The youngest was Anne Smedinghoff, 25, who died in a bombing in the southern Afghan province of Zabul as she was delivering books to Afghan schoolchildren.
Ragaei Said Abdelfattah, who worked for the US development agency USAID, was killed in a suicide bombing in Kunar province, Afghanistan last August.
The State Department also paid tribute to foreign service officers Joseph Fandino and Francis Savage, who both died in the Vietnam War more than 40 years ago, and whose families had raised their cases.
Earlier at a separate event to mark Foreign Affairs Day, Kerry listed the huge task facing US diplomats today.
"North Korea, Afghanistan Pakistan, rising groups of terrorists in various parts of the world," including Africa and the Arabian peninsula, all posed challenges, he said.
And in Iran there was "the very real potential of conflict and its consequence of the lack of transparency of the nuclear program."
Vice President Joe Biden joined the memorial ceremony, praising the "incredible heroism" of those who were lost.

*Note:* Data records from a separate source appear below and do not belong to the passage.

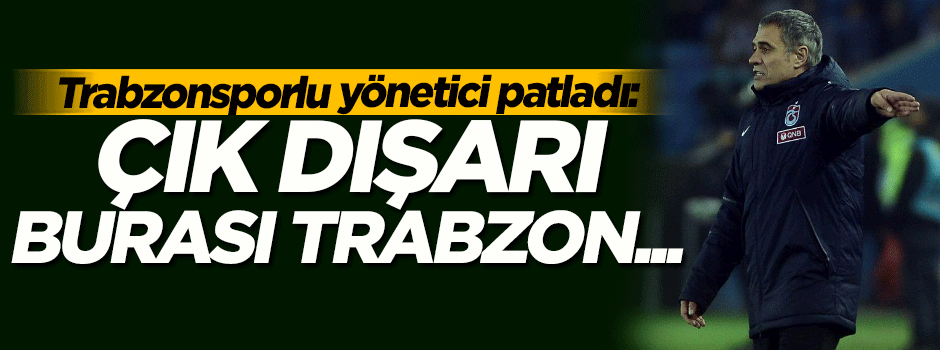 Trabzonspor'lu yöneticiden Yanal'a tepki: Çık dışarı, burası Trabzon...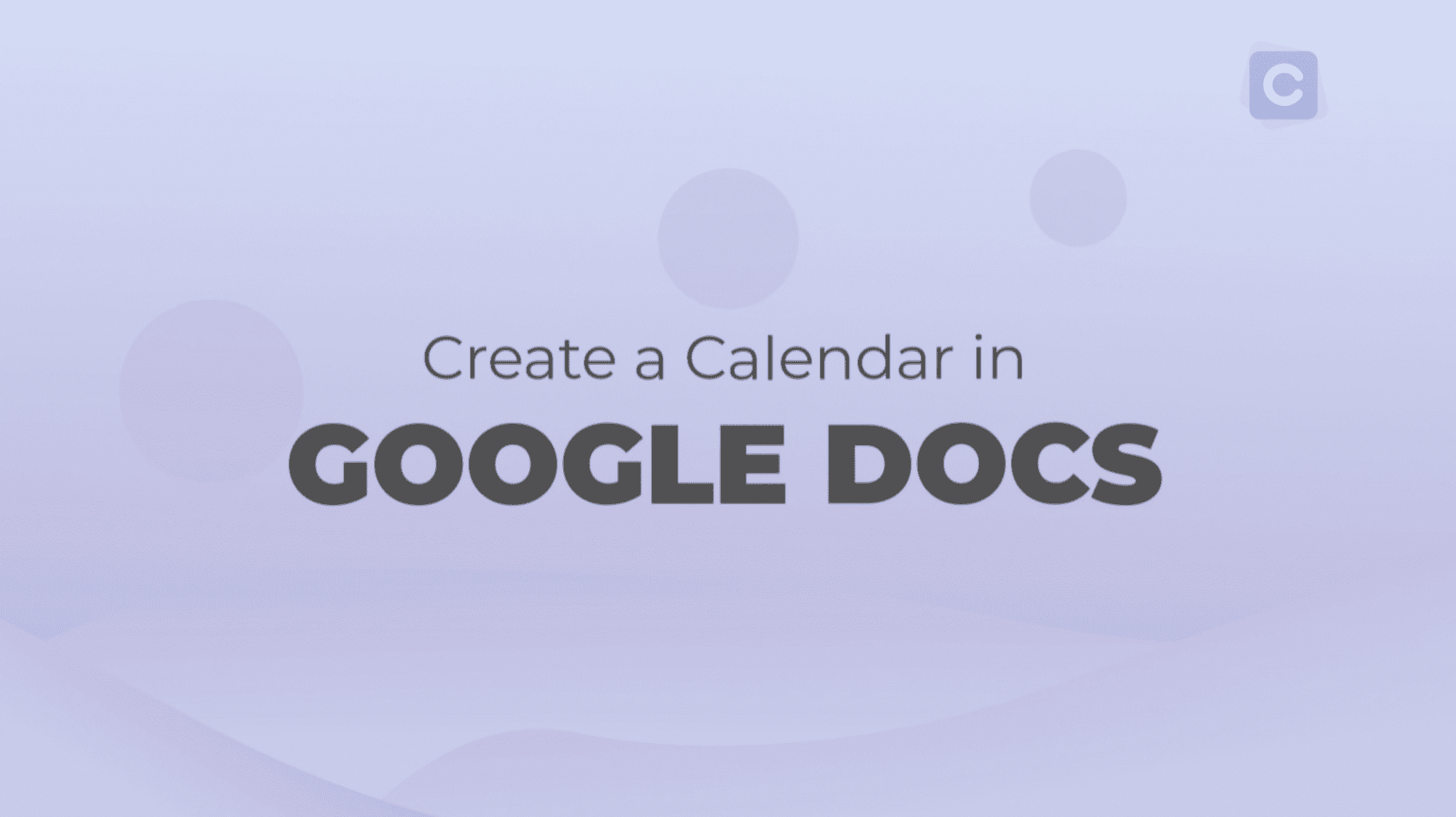 How To Create A Calendar In Google Docs  Calendar pertaining to Calendar Template Google Docs Spreadsheet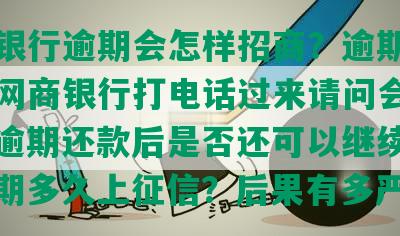 网商银行逾期会怎样招商？逾期两年今天网商银行打电话过来请问会上门吗？逾期还款后是否还可以继续使用？逾期多久上征信？后果有多严重？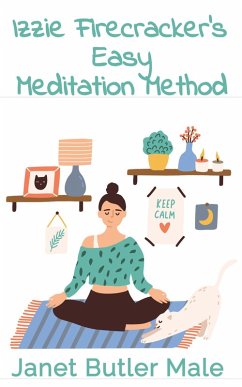 Izzie Firecracker's Easy Meditation Method (eBook, ePUB) - Male, Janet Butler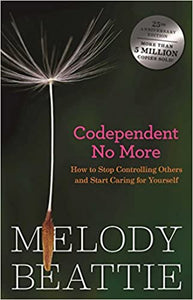 Codependent No More: How to Stop Controlling Others and Start Caring for Yourself [Melody Beattie]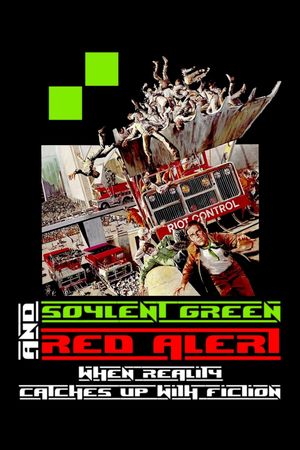 Soylent Green and Red Alert: When Reality Catches Up with Fiction's poster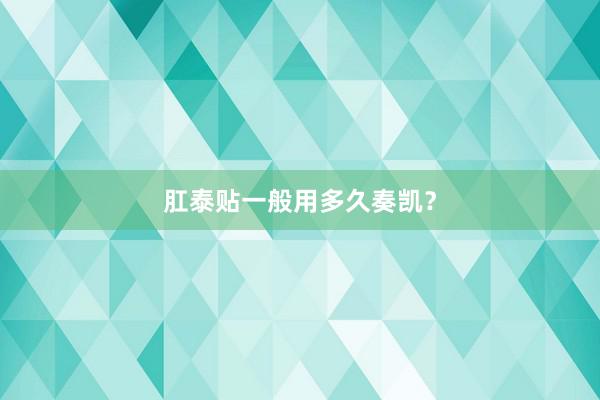 肛泰贴一般用多久奏凯？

"There are people today who are in harm's way, as significant -- as I've said (as) any one of our soldiers stationed anywhere in the world," Biden said.
To answer critics who have called for the US to retreat from its global footprint, Biden insisted: "America's presence is required."
But he vowed, amid a fierce polemic in the US after the Benghazi attack, that "everyone in our government knows we have a solemn obligation to do more and more to protect" the nation's diplomats.